Paradigma Islam: Interpretasi untuk Aksi (1991) dan Identitas Politik Umat
Islam, terbitan Mizan, Bandung, 1997.
Dukungan
Susilaningsih
Pernikahannya
dengan Susilaningsih, dikaruniai dua anak yakni Punang Amari Puja (dosen UMY)
dan Alun Paradipta (mahasiswi Fakultas Teknik UGM). Perempuan yang akrab dengan
baju muslimah ini dikenal sejak 1967. Saat itu mereka secara kebetulan bersua
di Rumah Sakit Bethesda, Yogyakarta, tempat Kunto sedang dirawat karena
penyakit batu ginjal. Ning, gadis asli Karanganyar, Jawa Tengah, sedang
menjenguk temannya yang sakit dan dirawat di rumah sakit itu.
Ketika
itu, Ning, panggilan akrab Susilaningsih, masih kuliah tingkat II di IAIN Sunan
Kalijaga. Dua tahun kemudian, tepatnya 8 November 1969, mereka menikah.
Sejak
1985, keluarga bersahaja ini menempati rumah bertipe 70 di Jalan Ampel Gading
429, Condong Catur, Sleman, Yogyakarta. Pada waktu itu, rumah itu dibeli dengan
harga Rp 4,5 juta. Belakangan rumah itu diperluas menjadi sekitar 180 meter
persegi dan berlantai dua. Ruang tamunya yang berukuran sekitar 4 X 5 meter
hanya diisi dengan meja kursi tamu warna cokelat tua. Tak ada lukisan di
dinding dan perabotan mahal.
Harta yang paling mahal di rumah itu hanyalah tumpukan buku
dan piala-piala penghargaan untuk karya-karya tulisnya. Ruang perpustakaan di lantai
atas penuh sesak dengan buku. Ruang keluarga, ruang tamu, lantai atas dan
lantai bawah juga dijejali buku.

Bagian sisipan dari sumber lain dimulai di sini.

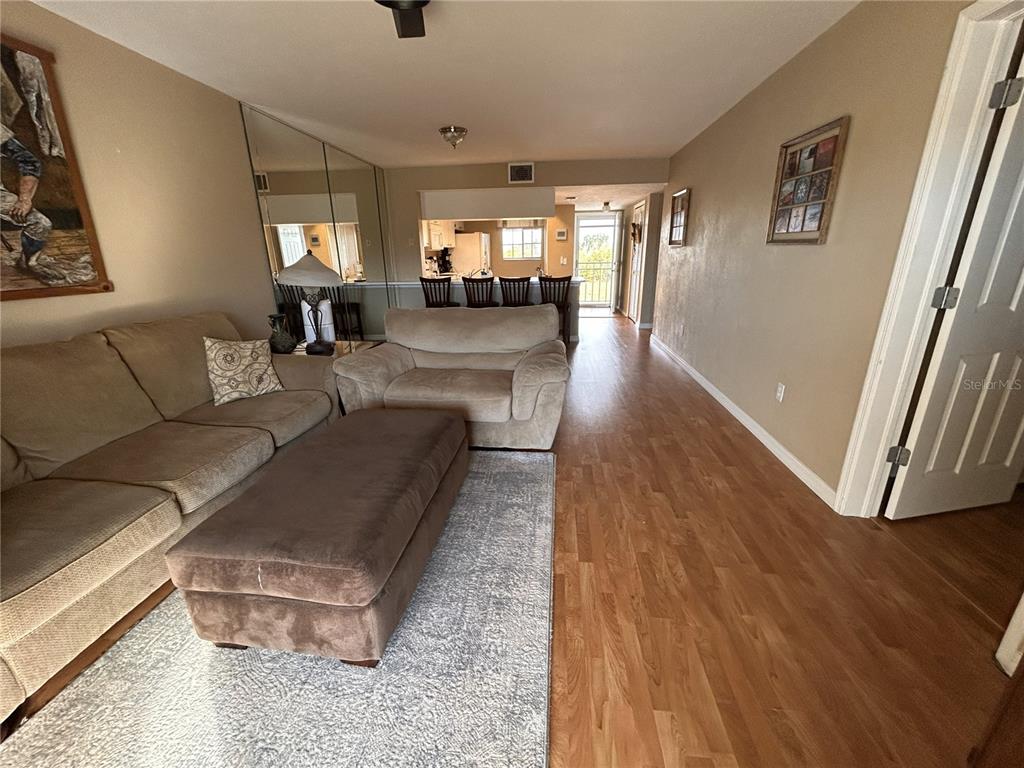 A living room features light wood flooring, a beige sofa, and a kitchen in the background — 3310 LOVELAND BOULEVARD UNIT 1705, PUNTA GORDA, FL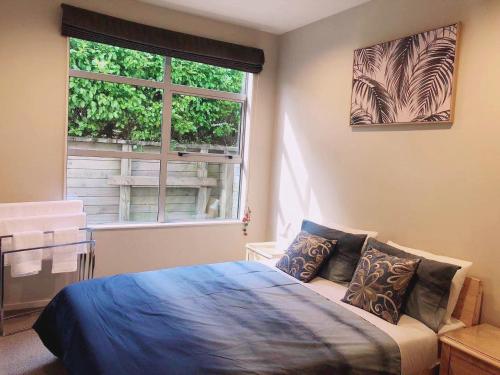 a bedroom with a bed in front of a window at Mia Cosy Holiday Home in Rotorua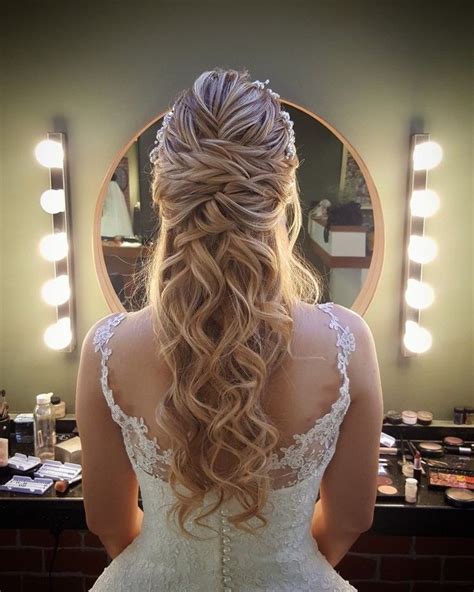 The Back Of A Womans Head In Front Of A Mirror With Lights On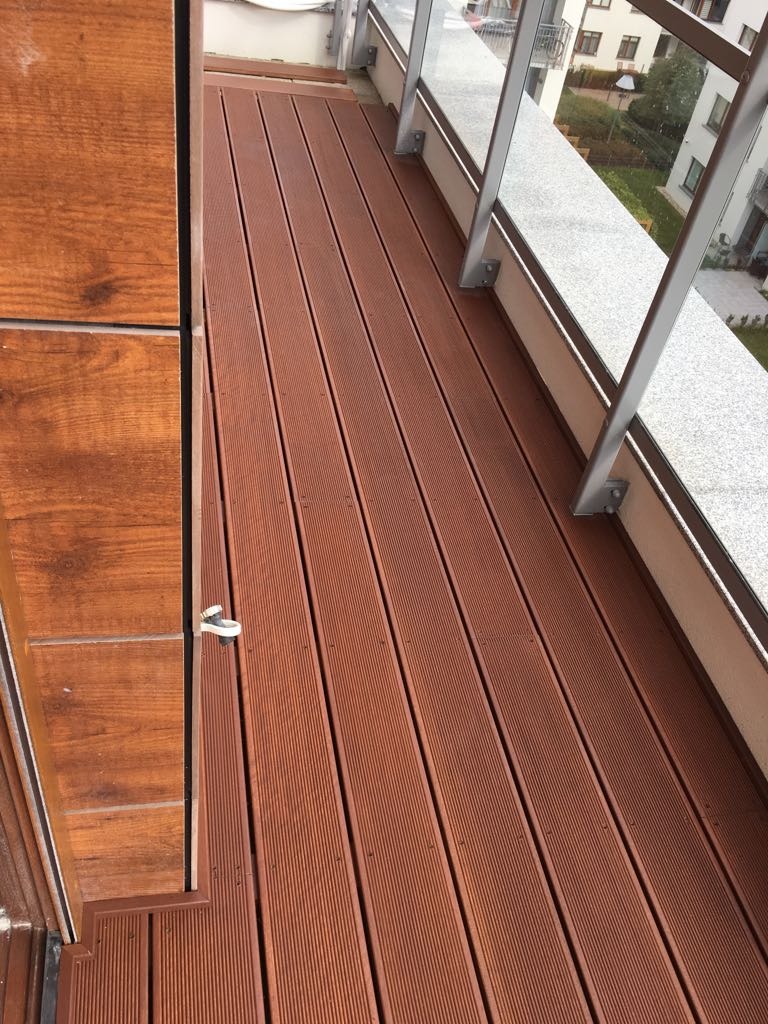 Balkon z desek kompozytowych w odcieniach brązu, widok z góry, balustrada szklana z metalowymi wspornikami, widok na otoczenie budynku.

Meja dan tangga ke lantai atas pun berisi
buku-buku.
Isterinya,
Ning, yang kini menjadi dosen Fakultas Tarbiyah UIN Sunan Kalijaga Jogja, juga telah
menyelesaikan studi Psychology Department, Hunter College of The City
University of New York, tahun 1980.
Dukungan
Susilaningsih Kuntowijoyo MA, sang istri yang dengan sabar dan tekun menemani,
telah menjadi kekuatan dan inspirasi tersendiri bagi Kunto. Ketika Kunto jatuh
sakit dan sulit melafalkan kalimat-kalimat dengan jelas, Ning, yang selalu
setia mendampingi menerima tamu, sekaligus menjadi penerjemah ucapan-ucapannya.
Begitu
juga ketika wawancara dengan wartawan. Ning juga yang membacakan makalah Kunto
dalam berbagai forum seminar. Jika Ning berhalangan, putra sulungnya, Punang,
yang sedang menyelesaikan studinya di Jurusan Geologi UGM, menggantinya sebagai
penerjemah.
Adalah
Ning juga yang selalu setia menadampinginya melakukan olah raga senam, jogging
atau jalan kaki. Sekali dua hari, dia berolah raga. Kunto biasanya sudah bangun
tidur sekitar pukul 03.30. Kemudian salat tahajud, salat fajar dan berzikir.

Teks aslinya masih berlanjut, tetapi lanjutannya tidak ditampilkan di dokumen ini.